DeepSpeech
DeepSpeech copied to clipboard
Investigate GPUs on ARM boards
We have ARM and ARM64 (#1305) arriving on RPi3B+ and LePotato boards. We should try and see if we can get GPU acceleration there:
- OpenCL can work not too bad on Intel GPUs (cf
ccpp
) using ComputeCpp - LePotato has a MALI-450 GPU, no idea yet how much we can expect of OpenCL there
- RPi3B (and
+
model) now have OpenCL 1.2 Embedded Profile compliant https://github.com/doe300/VC4CL#opencl-support and ComputeCpp has ARMv7 binaries targetting Ubuntu 14.04, so we might be able to get stuff to work there.
The Rock64Pro-AI has a mali-t860, I would consider this option.
@edubois You're welcome to explore that, but I'll stick to what I have right now :)
Will do,
You state ARM boards but then mention Intel GPUs. Therefore, I would offer to do some testing on the UP board which is powered by a 4-core Atom x5-Z8350, has 4 GB of RAM and incorporates a Cherry Trail HD graphics with 12 execution units. We are using that, since it is compatible with the Matrix Voice, our hardware for sound capturing.
We are also looking at the Intel Movidius Neural Compute Stick, which is compatible with Tensor Flow and the Raspberry Pi 3, since the combination would be more cost-effective.
The Rock64Pro-AI looks interesting as well and would be even cheaper. I'm curious on the results of @edubois
@renepeinl I have actually been experimenting for quite some time on Intel GPUs on my laptop, debugging and checking performances (thanks to CodePlay people and Intel people), so I know we can get it working with the "Neo" driver, which is far from being released yet, sadly. The Compute Stick is useless in our case, because of RNNs.
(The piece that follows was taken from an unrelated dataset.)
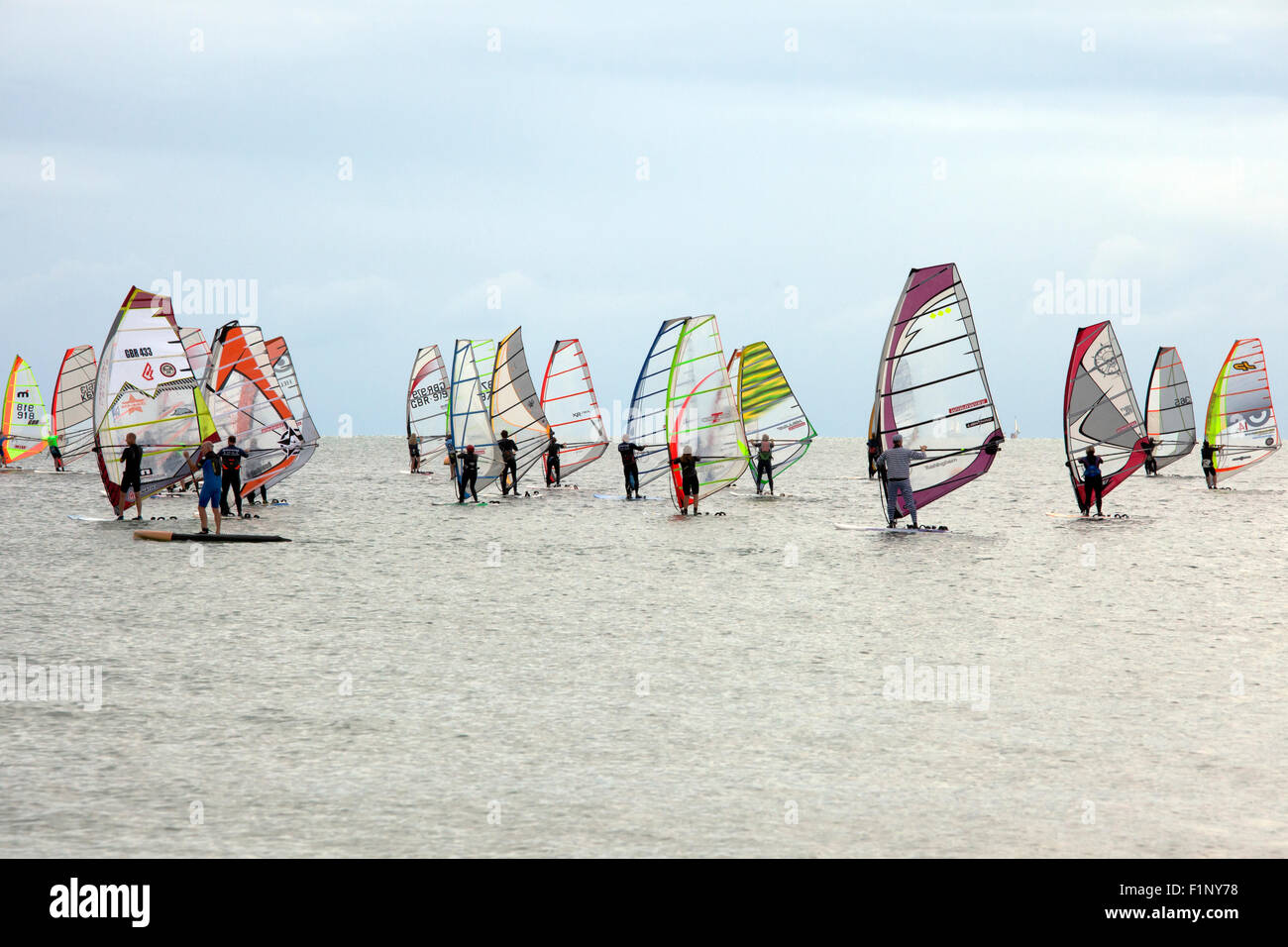 Windsurfer am National Watersports Festival, Hayling Island, Hampshire UK konkurrieren. 5. September 2015. Stockfoto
The previous driver, Beignet, was a dead-end: not working with ComputeCpp (layer used by TensorFlow for OpenCL), and not being actively developped anymore by intel.
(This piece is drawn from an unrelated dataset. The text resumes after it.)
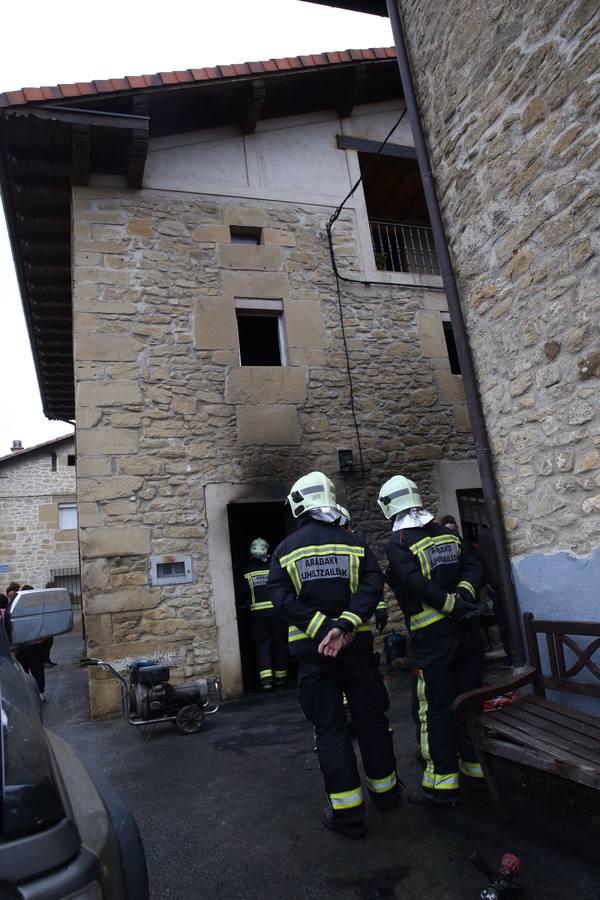 Fallece un hombre en un incendio en una casa en Tuesta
People who want to experiment should use the ccpp
branch of our TensorFlow and DeepSpeech repo, but be aware it's hack in progress :)
Thanks for these information. Could you provide some hints on compiler flags for building the software as well? I'm not sure how much influence they have and we are mainly Java developers with no deeper knowledge about C++.
@renepeinl it should be pretty simple, if you follow the docs we have in place and TensorFlow's building doc. For ComputeCpp branch, you'll need to download ComputeCpp matching version. Since it's hack in progress, I have not documented that, but you can look the tc-*.sh
shell scripts in our TensorFlow's repo, it should contain everything. Basically, Bazel v0.10.0, ComputeCpp 0.5.1 (I think?) and proper ./configure
flags (check tc-vars.sh
mostly). On the DeepSpeech build side, it should not change OpenCL or not.
@renepeinl If you run into issues, you can join us on IRC (#machinelearning on irc.mozilla.org) or on Discourse: https://discourse.mozilla.org/c/deep-speech
@renepeinl, the chip is not yet available, will start when I get one, probably in Sept.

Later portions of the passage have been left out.